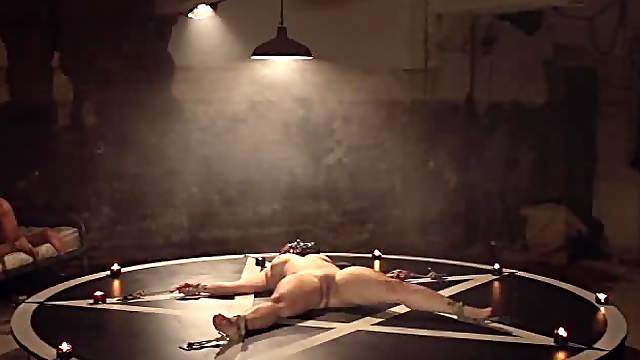 Freaky Dudes Torturing Gals For Their Satanic Rituals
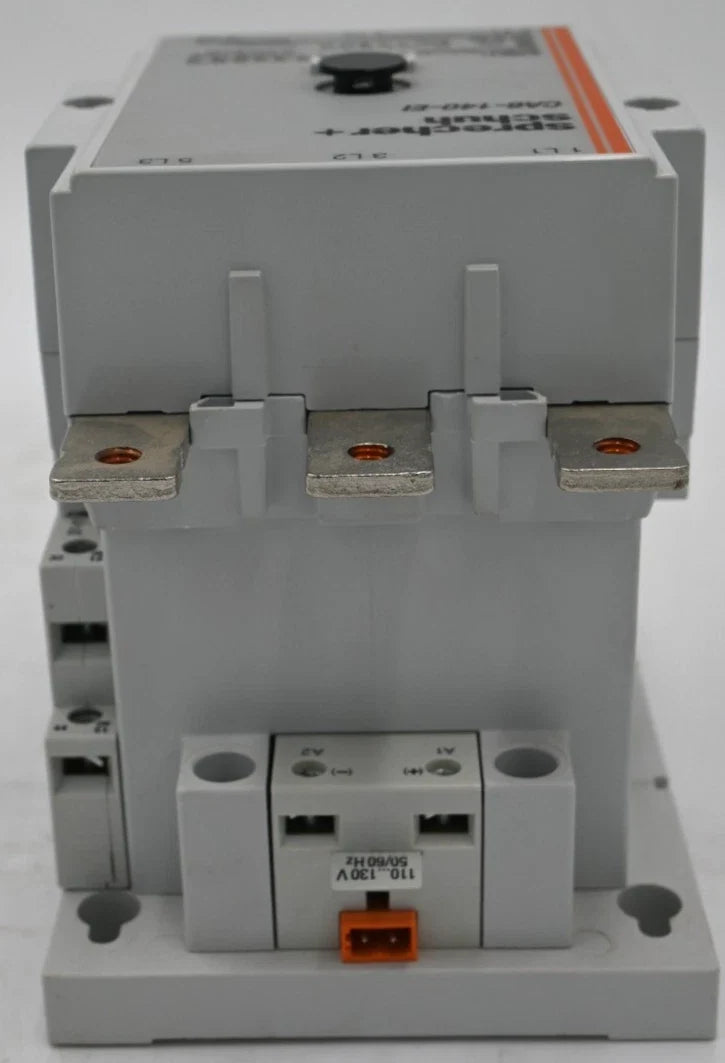 Sprecher + Schuh CA6-140-EI 3-Pole IEC Contactor 140A 110–130VAC Coil Industrial Motor Control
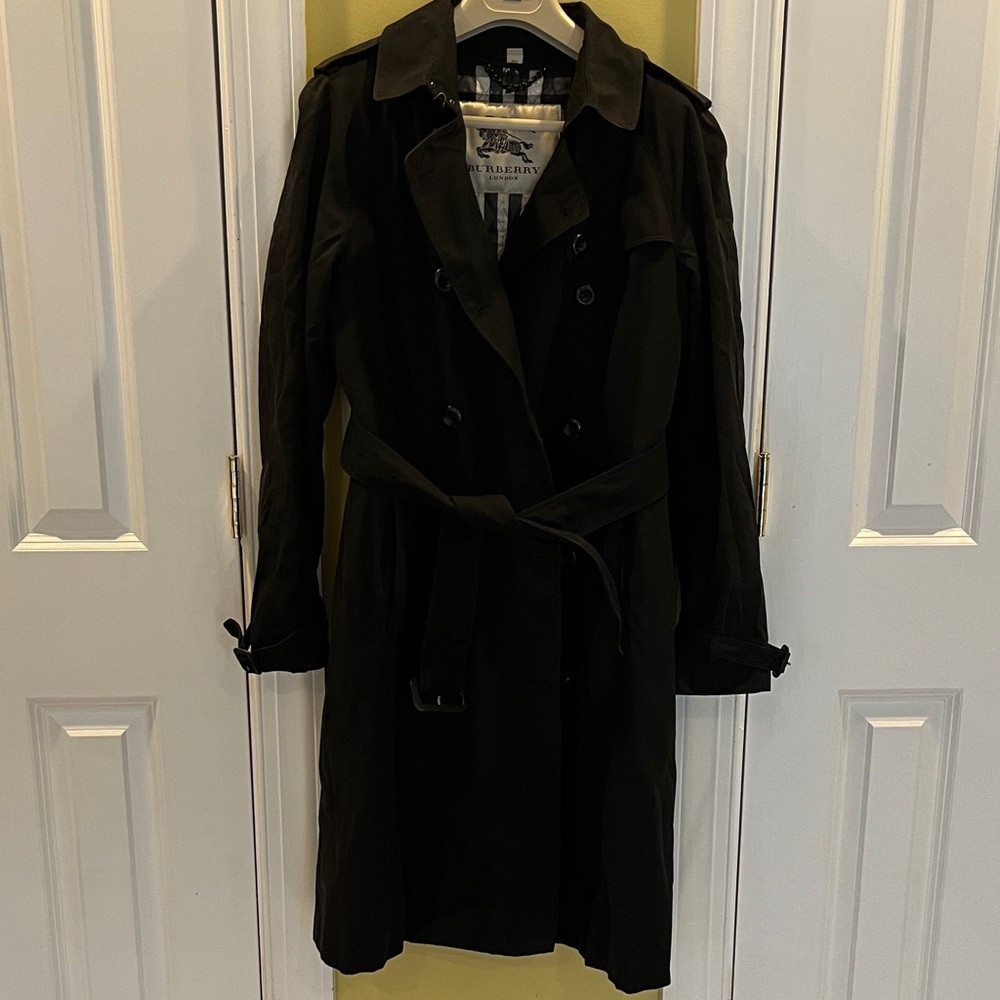 Burberry Black Trench Coat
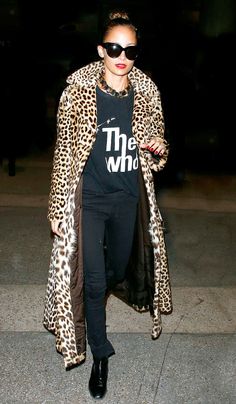 Leopard Coat Outfit, Curvy Petite Fashion, Leopard Print Coat, Nicole Richie, Print Coat, Fall Fashion Trends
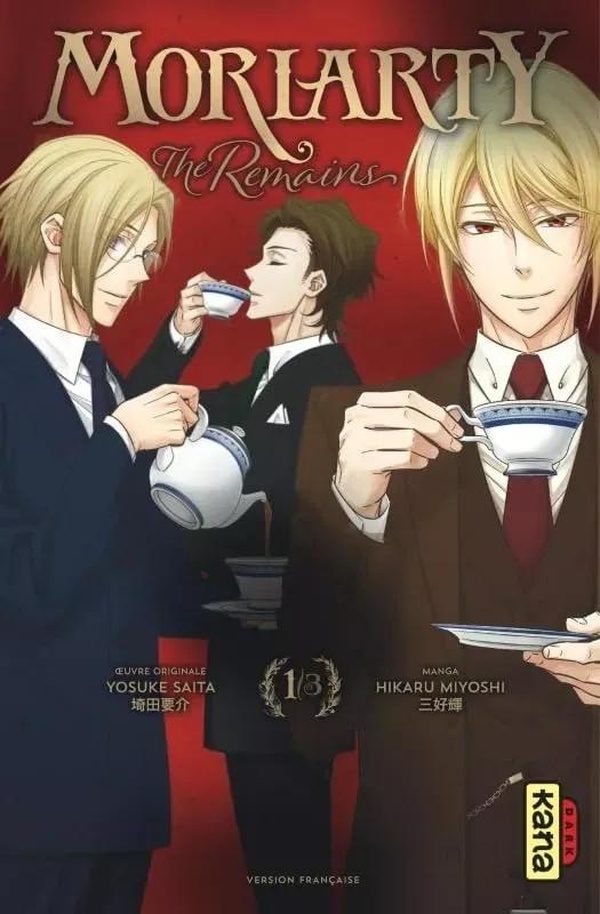 Couverture Moriarty the remains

REQUIREMENT: Print the material in full and exactly; the pictures must not be printed.

ANSWER TO THIS PROBLEM:
 Freaky Dudes Torturing Gals For Their Satanic Rituals
 Sprecher + Schuh CA6-140-EI 3-Pole IEC Contactor 140A 110–130VAC Coil Industrial Motor Control
 Burberry Black Trench Coat
 Leopard Coat Outfit, Curvy Petite Fashion, Leopard Print Coat, Nicole Richie, Print Coat, Fall Fashion Trends
 Couverture Moriarty the remains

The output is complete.